I think you probably care more about voltage sensitivity than power, but you can compute one from the other, for a headphone of given impedance.
Amir's review showed the Atom delivering 0.25 W into 300 ohms at high gain (no clipping). That's 29 mA of current and 8.6 V. If he used a 2V input for the test, the max gain ratio was 2:8.6 which is 20*log(8.6/2) = +12.6 dB.
If the input voltage were only 1V, that's cut in half, which means the output voltage would be cut in half, which is 4.3 V. This is enough voltage to drive Sennheiser HD600 beyond hearing-damaging levels (115 dB SPL).
Simlar calculations suggest that with a 30 ohm load, the max Atom voltage output is 6 V. That is, the Atom is current limited. Half of this is 3 V which still drives an HD600 to about 112 dB.
In short, it looks like the Atom has enough gain to drive low voltage sensitivity headphones to ear-splitting levels, even if the input is limited to 1.0 V.

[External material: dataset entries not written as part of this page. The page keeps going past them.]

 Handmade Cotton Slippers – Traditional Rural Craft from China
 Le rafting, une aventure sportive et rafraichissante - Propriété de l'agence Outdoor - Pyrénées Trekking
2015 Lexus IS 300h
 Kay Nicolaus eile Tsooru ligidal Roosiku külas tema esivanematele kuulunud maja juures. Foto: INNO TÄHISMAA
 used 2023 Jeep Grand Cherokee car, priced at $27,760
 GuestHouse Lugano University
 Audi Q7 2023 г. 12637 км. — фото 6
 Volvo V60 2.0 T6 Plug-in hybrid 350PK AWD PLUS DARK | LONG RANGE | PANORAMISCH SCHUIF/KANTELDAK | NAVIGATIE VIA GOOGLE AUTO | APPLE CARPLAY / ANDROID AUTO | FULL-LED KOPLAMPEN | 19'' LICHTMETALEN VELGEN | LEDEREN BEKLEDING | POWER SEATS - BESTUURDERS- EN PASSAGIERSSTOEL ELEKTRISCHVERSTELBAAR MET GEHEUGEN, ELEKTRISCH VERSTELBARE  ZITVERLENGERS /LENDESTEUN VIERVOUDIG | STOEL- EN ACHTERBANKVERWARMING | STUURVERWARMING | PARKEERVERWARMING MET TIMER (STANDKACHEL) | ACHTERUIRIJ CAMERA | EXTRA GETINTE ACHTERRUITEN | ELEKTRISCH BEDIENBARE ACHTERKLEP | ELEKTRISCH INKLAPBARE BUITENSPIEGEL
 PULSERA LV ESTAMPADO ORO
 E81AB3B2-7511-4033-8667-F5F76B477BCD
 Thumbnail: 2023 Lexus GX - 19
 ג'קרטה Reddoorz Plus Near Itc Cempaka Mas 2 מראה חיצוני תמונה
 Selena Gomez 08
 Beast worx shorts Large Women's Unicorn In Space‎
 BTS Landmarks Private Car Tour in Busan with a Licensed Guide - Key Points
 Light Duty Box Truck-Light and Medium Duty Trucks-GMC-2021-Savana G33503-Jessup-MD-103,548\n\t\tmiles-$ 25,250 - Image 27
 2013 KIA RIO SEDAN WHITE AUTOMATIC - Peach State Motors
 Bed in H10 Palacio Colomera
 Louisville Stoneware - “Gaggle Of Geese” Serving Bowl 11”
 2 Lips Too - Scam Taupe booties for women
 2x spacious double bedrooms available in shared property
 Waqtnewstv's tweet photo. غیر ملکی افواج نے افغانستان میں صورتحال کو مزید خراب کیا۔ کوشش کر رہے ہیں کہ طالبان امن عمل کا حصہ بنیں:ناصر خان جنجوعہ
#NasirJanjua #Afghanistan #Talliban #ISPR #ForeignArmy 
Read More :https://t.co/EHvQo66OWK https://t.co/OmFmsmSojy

Half the voltage is 1/4 the power (into the same load). So for an input limited to 1.0 V, take Amir's power measurements and divide them by 4. That would be 250/4 = 63 mW into 300 ohm and 1100/4 = 275 mW into 33 ohm.
PS: I just noticed that my calculations, which I backed into from Amir's measurements, are almost the same as the figures
@NTK posted above from the Atom specs published by JDS.